→ Your assignment: Nothing outside the lines below from the one containing "Sometimes christmas sucks, kerstkaartje Emma Nieke Sometimes" through the one containing "Aquaman 1000 db puzzle - borítókép" is to be printed; print those exactly, ends included, and drop the pictures.

→ Records to use:
■ ■ ■
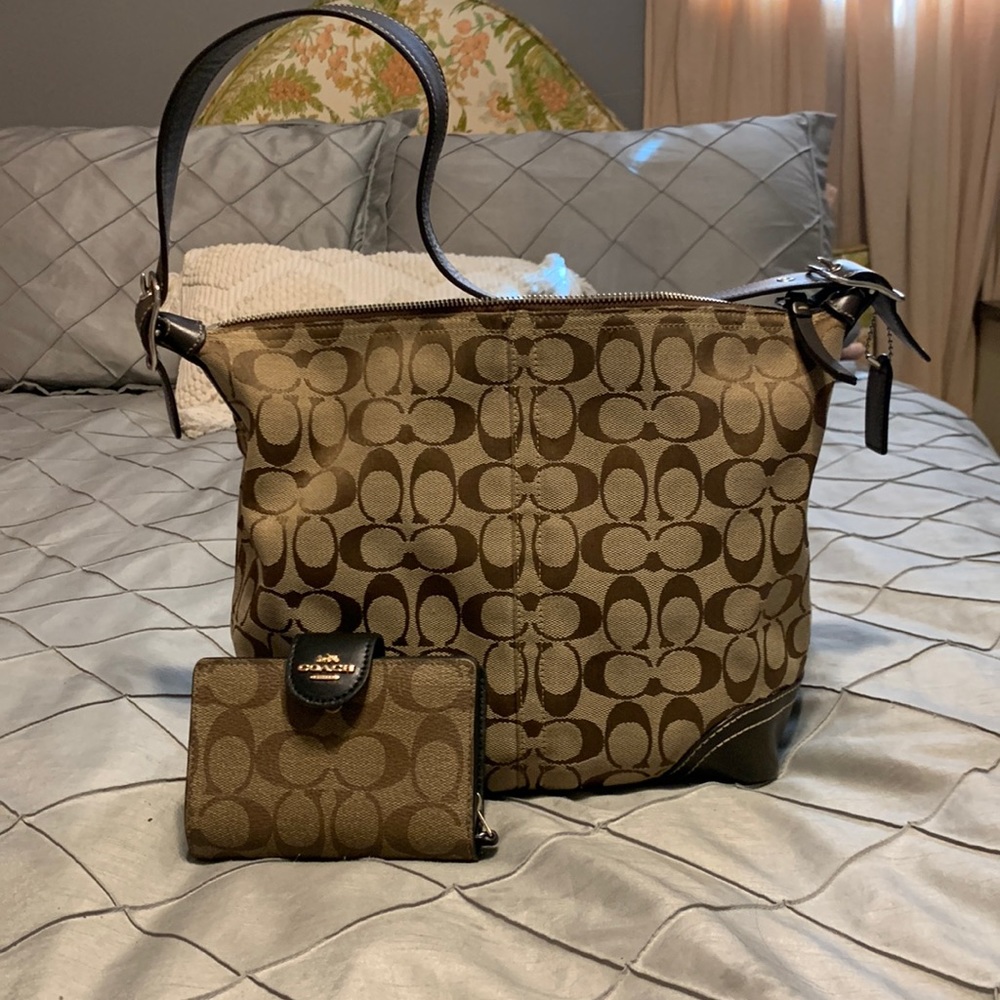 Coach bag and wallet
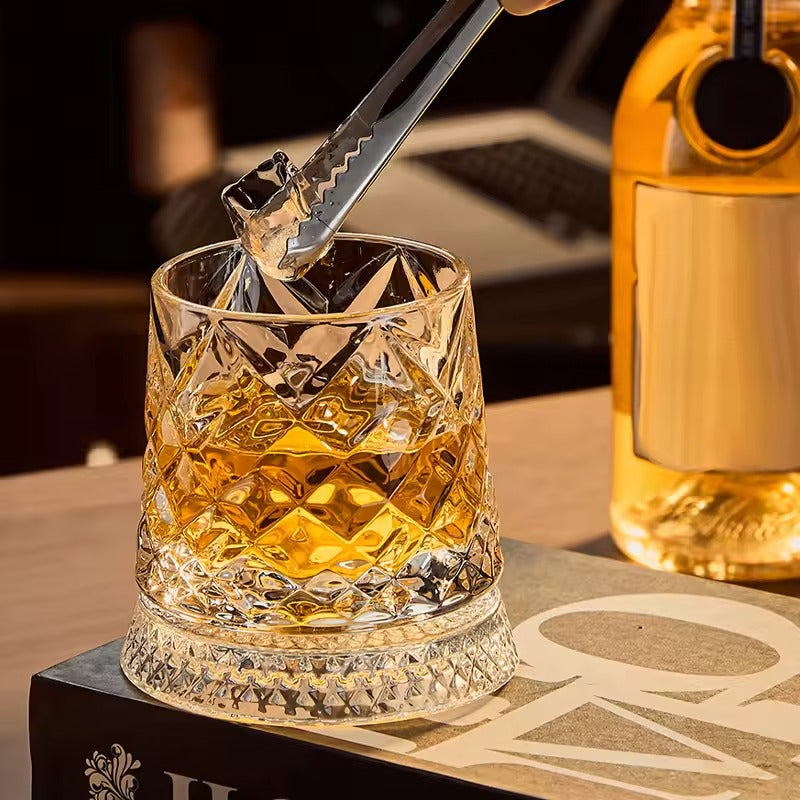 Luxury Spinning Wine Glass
■ ■ ■
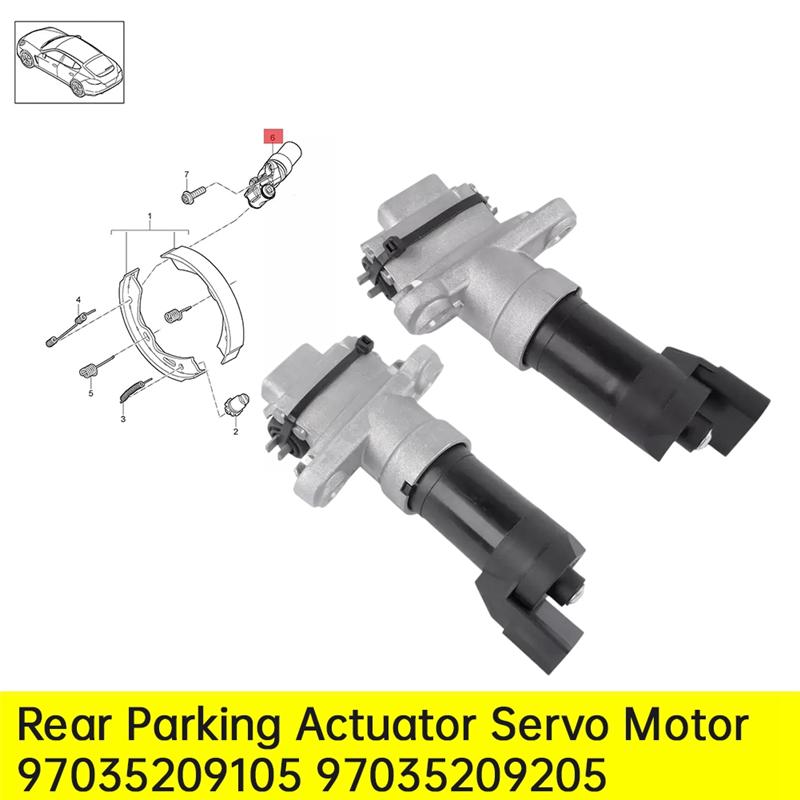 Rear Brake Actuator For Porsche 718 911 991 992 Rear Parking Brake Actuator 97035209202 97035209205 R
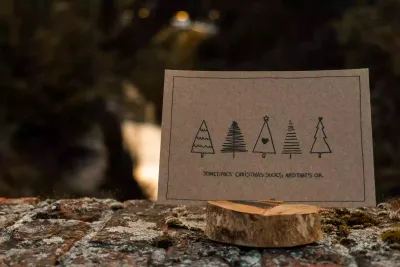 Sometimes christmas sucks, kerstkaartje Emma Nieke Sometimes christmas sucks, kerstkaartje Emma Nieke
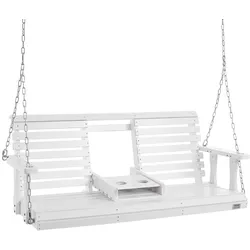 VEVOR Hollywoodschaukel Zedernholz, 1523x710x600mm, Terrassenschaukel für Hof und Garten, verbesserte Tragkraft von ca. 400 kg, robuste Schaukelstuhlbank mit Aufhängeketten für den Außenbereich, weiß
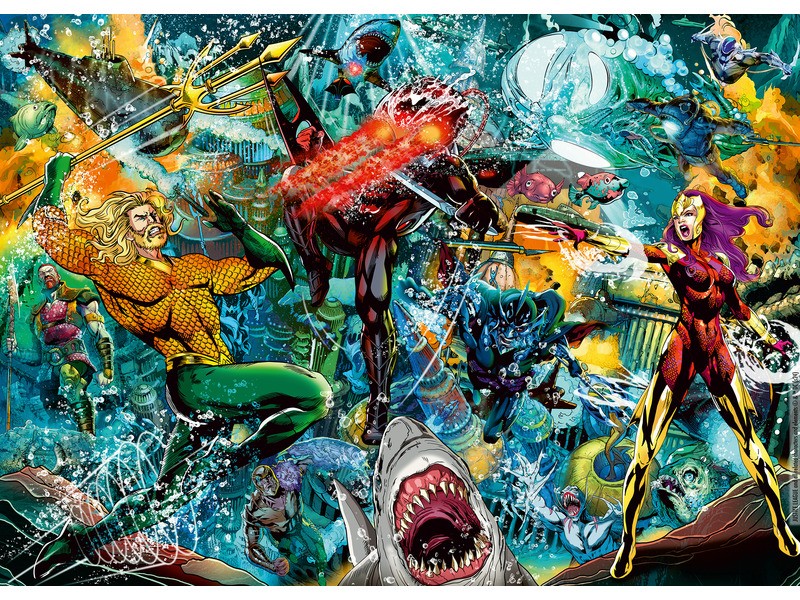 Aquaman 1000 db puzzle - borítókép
■ ■ ■
→ Expected output:
 Sometimes christmas sucks, kerstkaartje Emma Nieke Sometimes christmas sucks, kerstkaartje Emma Nieke
 VEVOR Hollywoodschaukel Zedernholz, 1523x710x600mm, Terrassenschaukel für Hof und Garten, verbesserte Tragkraft von ca. 400 kg, robuste Schaukelstuhlbank mit Aufhängeketten für den Außenbereich, weiß
 Aquaman 1000 db puzzle - borítókép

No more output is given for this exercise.